Aeneas Middleton / Artist Bio
I see my art through dreams that become reality. My father named me after the Trojan Hero Aeneas. I express myself as if I were him, living thousands of years later using ancient techniques of colors layered over themselves. Sometimes, I used synesthesia to create my art. An art process that allows me to be free as an eagle using sound.
I'm never scared to be different. I want to communicate these dreams or visions, to show human emotion that hasn’t been touched yet. Using colors that immediately strike people when they seem them.
In the end, it’s about being Aeneas. Staying true to myself. For my mother has taught me well. All of my paintings start with one brush stroke and become a creative vision that illuminates over time."
To inquire about Middleton’s available works, contact Michele Colonna at michele@colonnacontemporary.com
Featured Works
36” x 36” Mixed Media canvas.
A charged space where knowledge, instinct, and order collide.
Layered symbols, markings, and fractured lines form a universal language—one that transcends words and binds science, myth, and society together. At the center of this coded environment, the goat stands as the silent witness: seeing, hearing, and understanding all. Both observer and conduit, it channels the rhythms of the universe into the structure of human systems, reminding us that
beneath civilization’s noise lies an ancient, shared intelligence connecting everything.
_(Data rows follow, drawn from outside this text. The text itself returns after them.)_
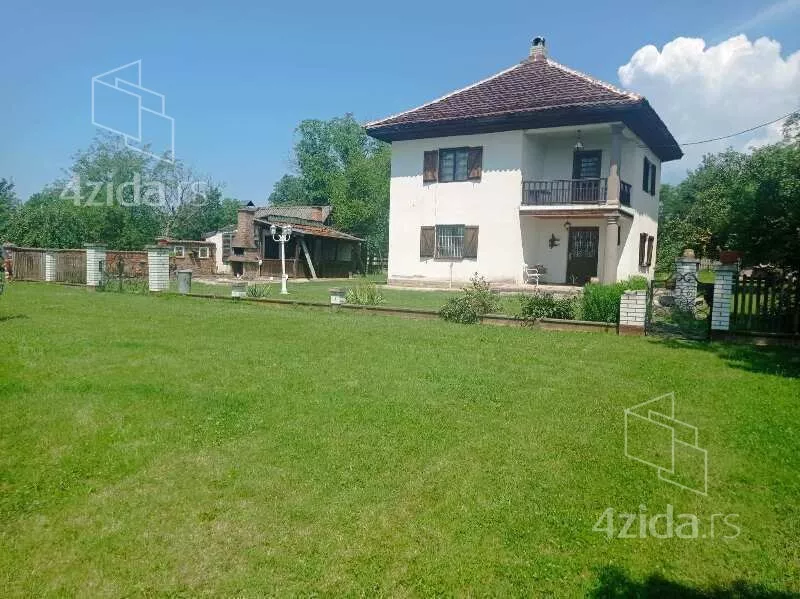 2-etažna kuća | 4zida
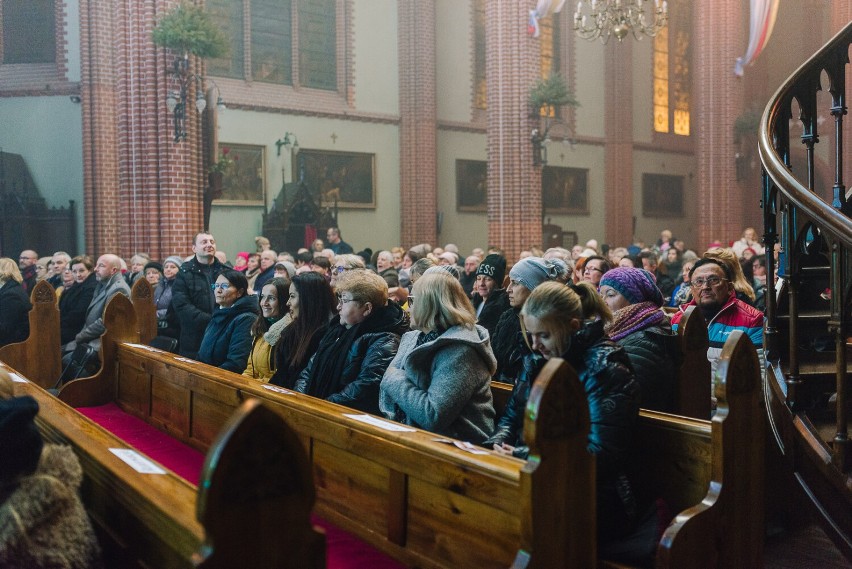 Świąteczny koncert w kościele pw. WNMP w Żarach. Wystąpiła...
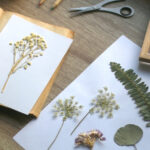 Birkaç uygun fiyatlı malzemeye sahip DIY Vintage Doğa'dan İlhamlı Duvar Plakları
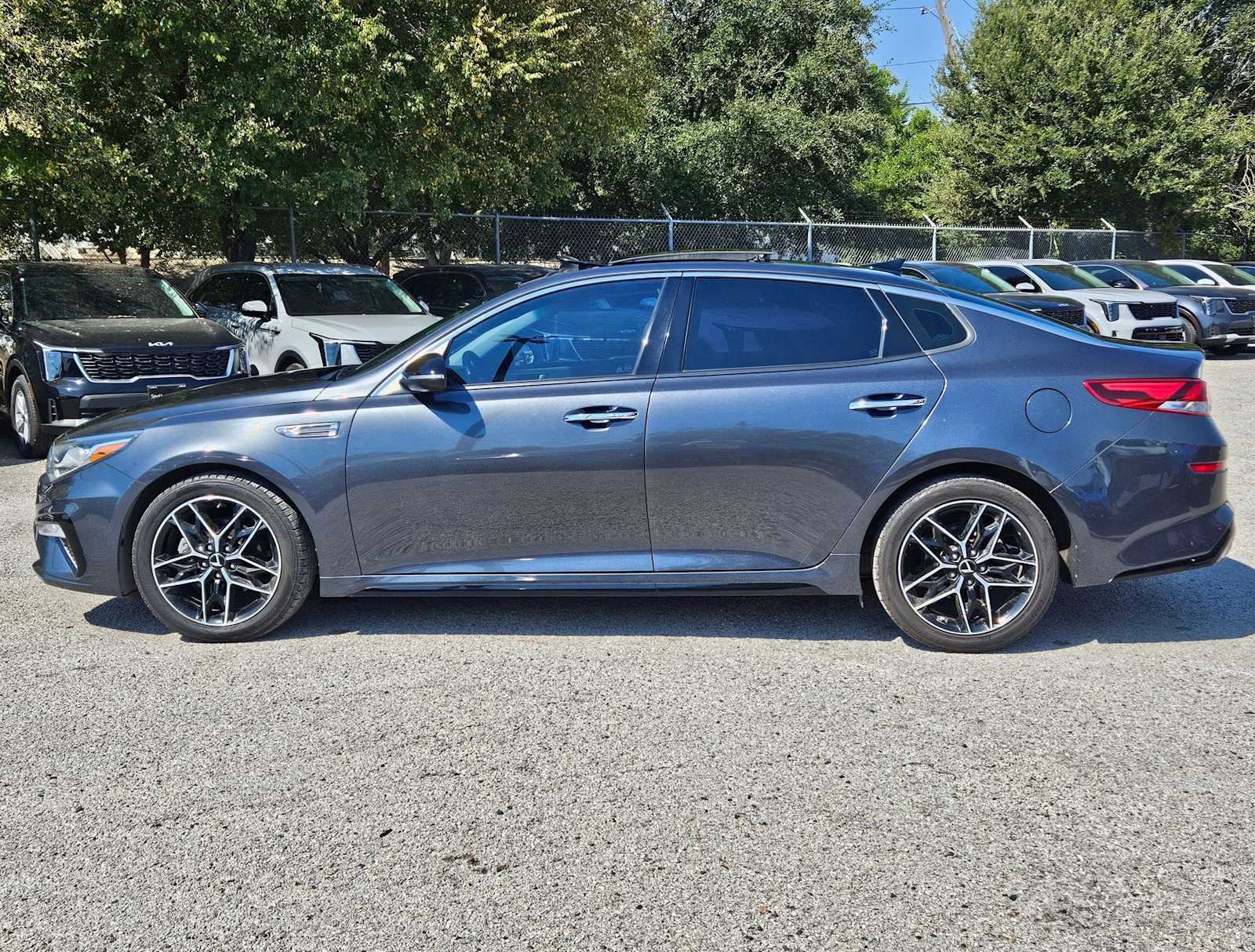 2020 Kia Optima SE photo 2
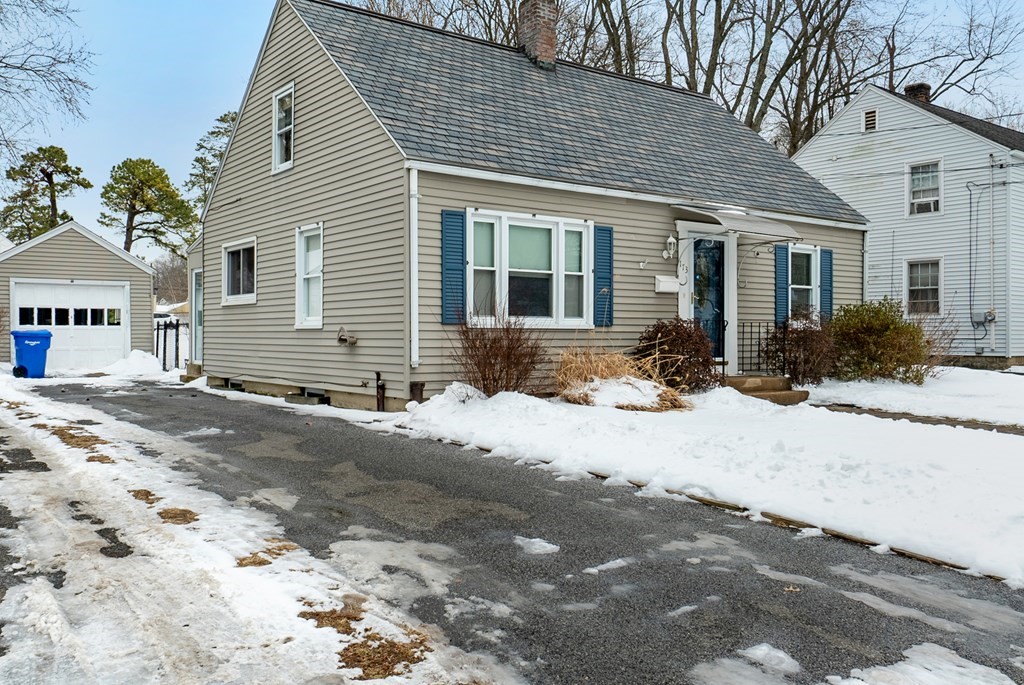 173 Gillette Avenue Springfield, MA 01118 - Photo 6 of 39 Gallery Image 6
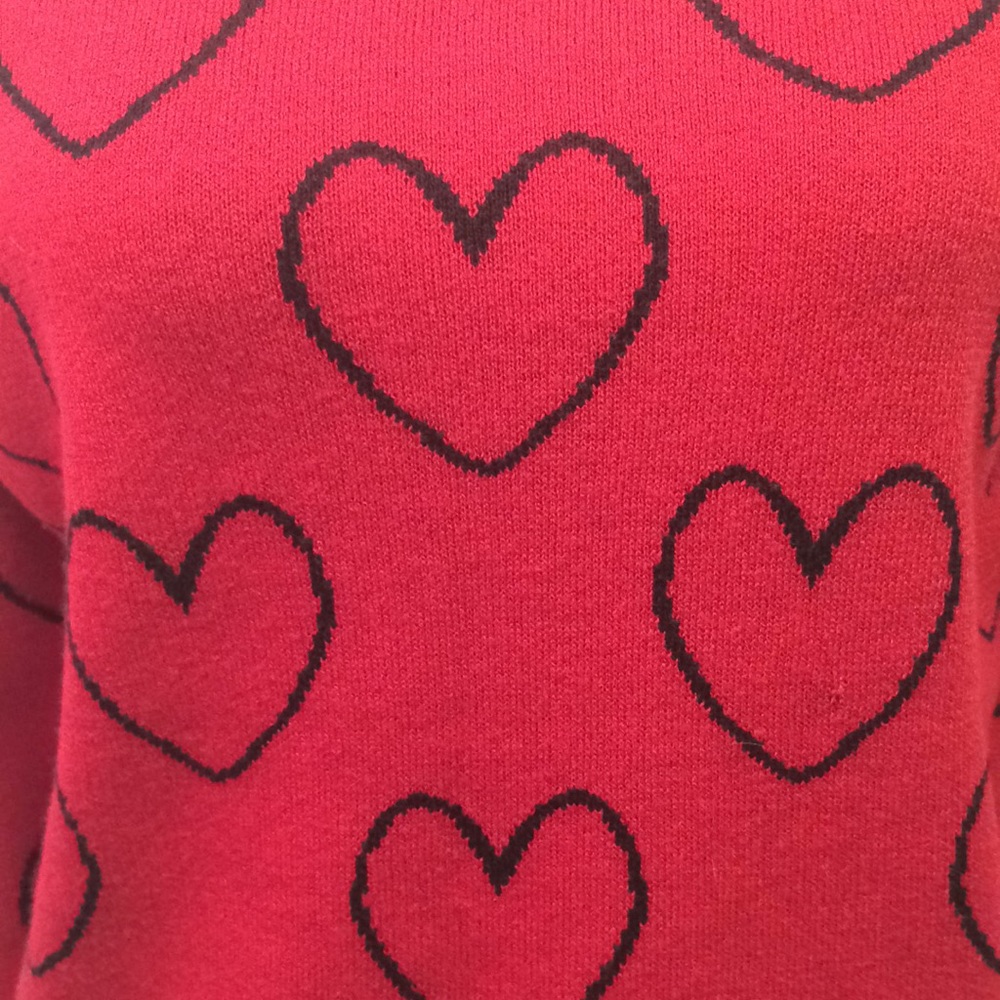 SOLD Black Outline Heart Red Valentine Sweater - Picture 4 of 5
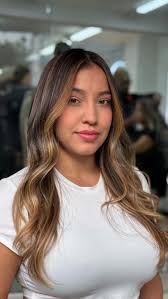 ✨Brunette ✨, Tonos dorados y miel perfectamente integrados para aportar  luz, movimiento y un acabado natural., Un cambio de look diseñado para  resaltar su belleza con colorimetría personalizada. ...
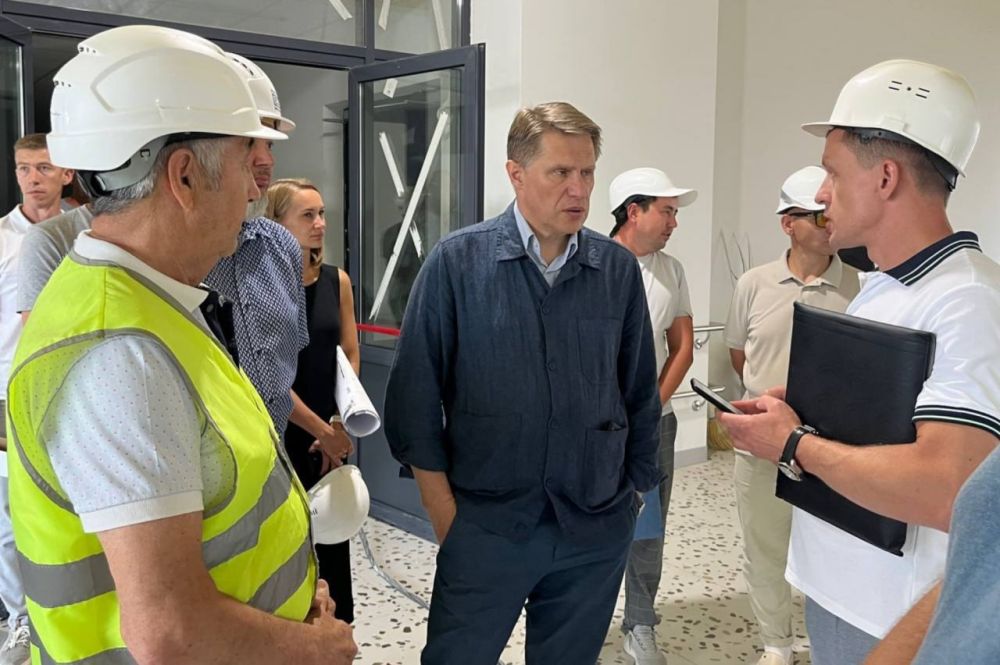 Министр здравоохранения РФ Михаил Мурашко посетил в Евпатории поликлинику и строящийся Федеральный детский реабилитационный центр Министр здравоохранения РФ Михаил Мурашко посетил в Евпатории поликлинику и строящийся Федеральный детский реабилитационный центр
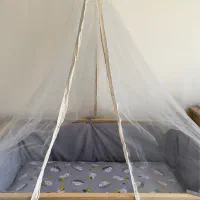 تخت کنار مادر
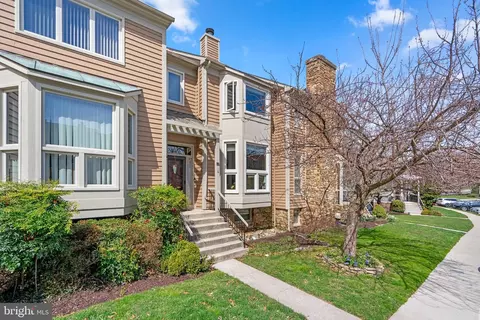Exterior - 16 Stablemere Ct, Baltimore, MD 21209 photo 10 of 11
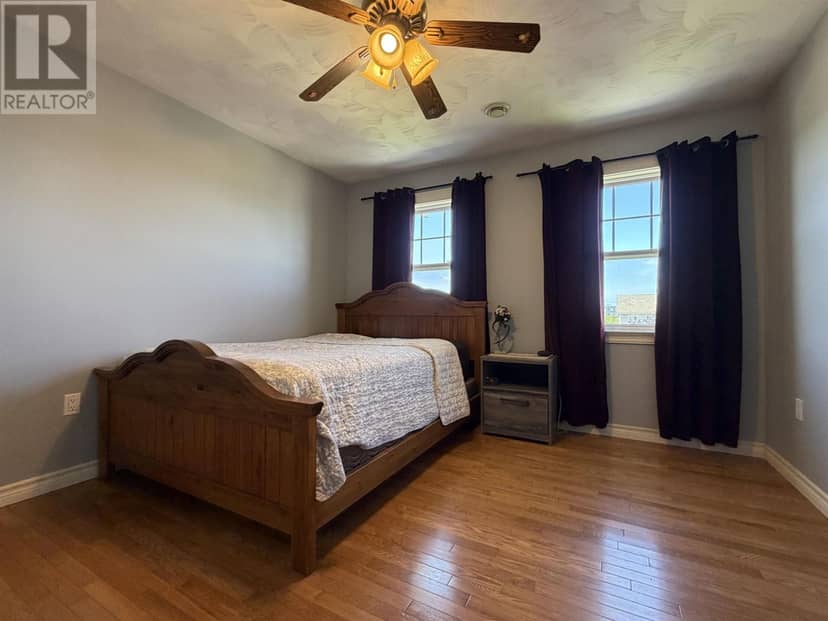71 Rebecca Drive — photo 17 of 38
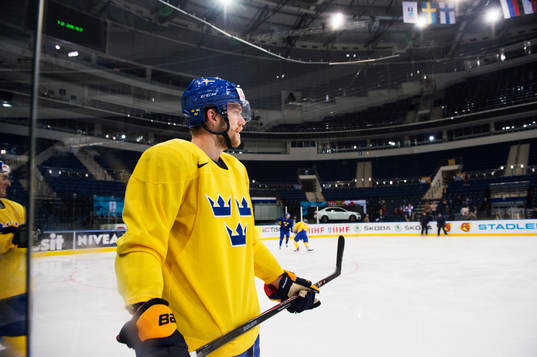 Mattias Ekholm på Sveriges träning
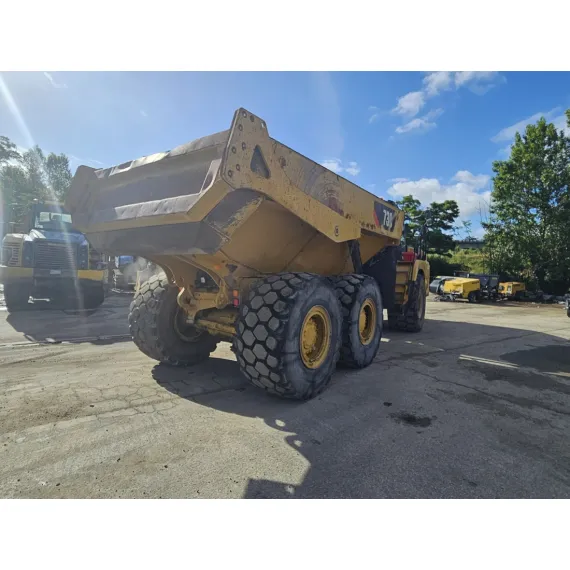 Caterpillar 730 Bj. 2020 Bh. 5100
36” x 48” Mixed Media canvas.
Behold him thus, a soldier shown too near,
His visage caught where heaven meets the dust.
The world stands false beneath him; Earth itself
Hangs like a faith unmoored from former vows.
He stands inverted, sworn against all sense,
His feet set firm upon the yielding sky,
Whilst gravity, that ancient tyrant, turns
And climbs his body as a creeping doubt.
This is no fall, but treason slow and sure,
A lifting wrought by laws gone traitor-wise.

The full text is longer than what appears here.